(Supplied information begins)
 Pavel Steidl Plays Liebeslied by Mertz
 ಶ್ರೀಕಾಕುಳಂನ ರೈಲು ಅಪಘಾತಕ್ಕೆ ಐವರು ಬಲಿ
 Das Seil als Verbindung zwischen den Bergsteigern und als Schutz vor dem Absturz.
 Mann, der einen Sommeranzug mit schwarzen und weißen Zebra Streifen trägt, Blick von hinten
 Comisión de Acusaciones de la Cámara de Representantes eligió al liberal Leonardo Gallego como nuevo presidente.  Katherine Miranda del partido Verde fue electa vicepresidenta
(Supplied information ends)
(Supplied information begins)
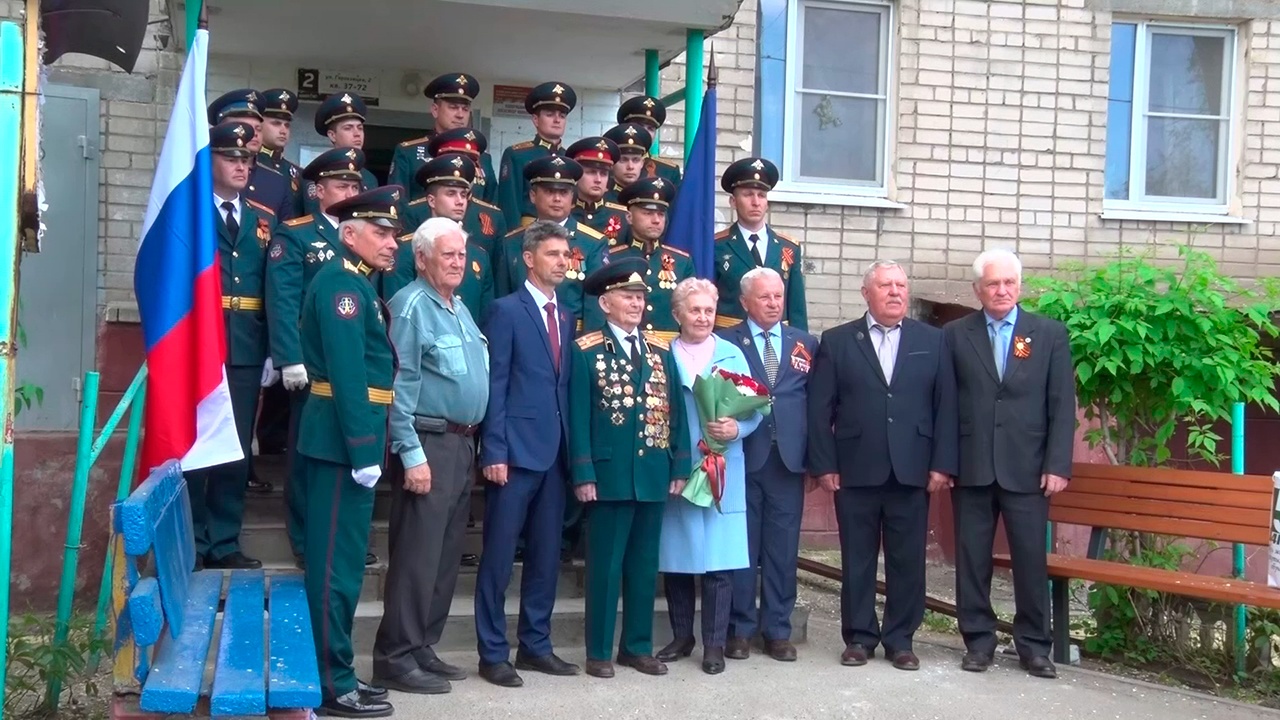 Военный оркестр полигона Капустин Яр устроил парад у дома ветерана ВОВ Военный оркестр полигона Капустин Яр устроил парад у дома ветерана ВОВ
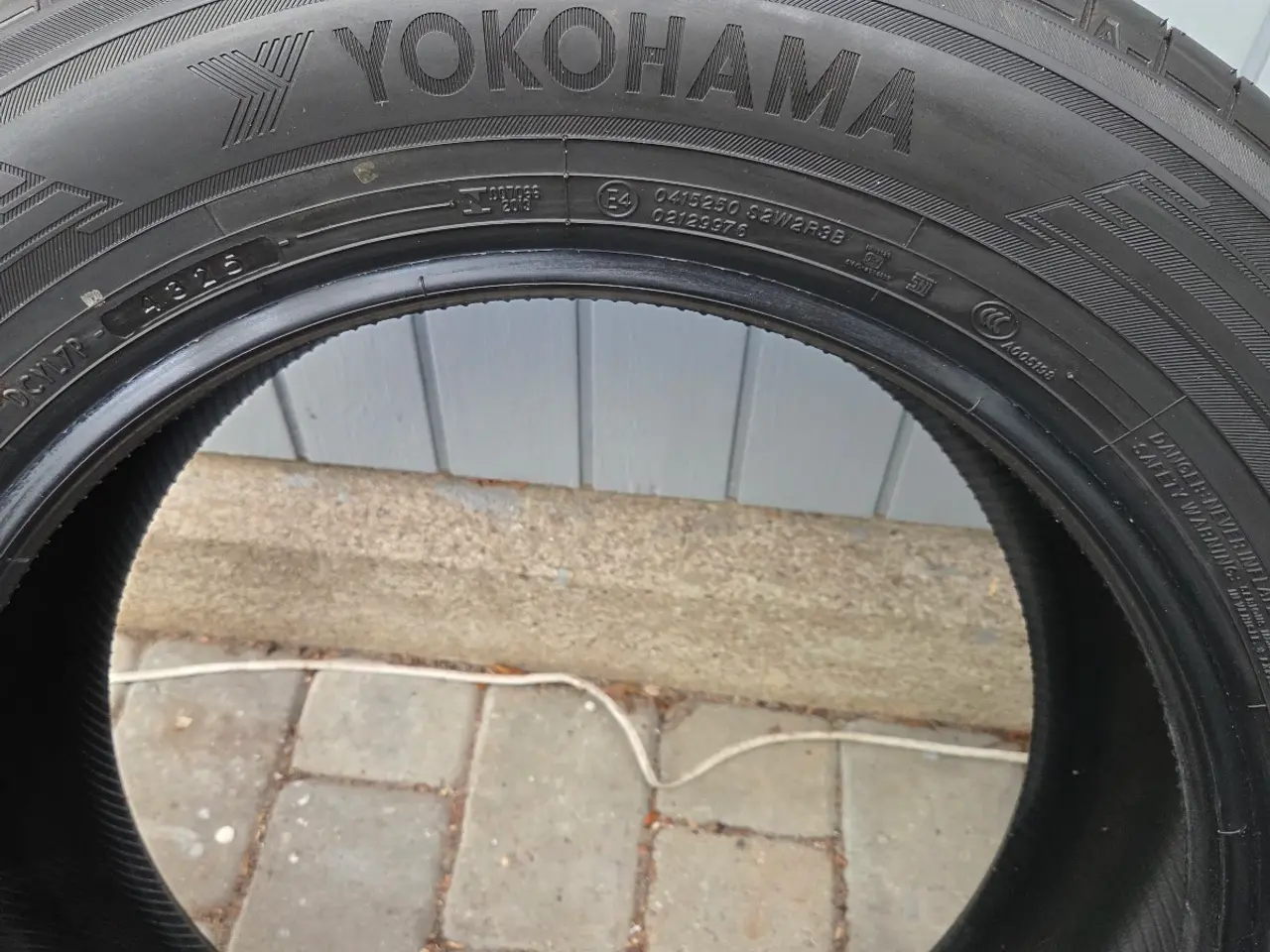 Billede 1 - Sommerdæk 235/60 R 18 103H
(Supplied information ends)
(Supplied information begins)
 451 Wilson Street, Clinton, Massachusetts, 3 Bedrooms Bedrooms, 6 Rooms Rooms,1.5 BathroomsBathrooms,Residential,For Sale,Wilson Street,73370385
(Supplied information ends)
● What is required: Working from the material above, restate word for word the lines between the line with "Mann, der einen" and the line with "Comisión de Acusaciones", both included, and only those.

● Solution to this problem:
 Mann, der einen Sommeranzug mit schwarzen und weißen Zebra Streifen trägt, Blick von hinten
 Comisión de Acusaciones de la Cámara de Representantes eligió al liberal Leonardo Gallego como nuevo presidente.  Katherine Miranda del partido Verde fue electa vicepresidenta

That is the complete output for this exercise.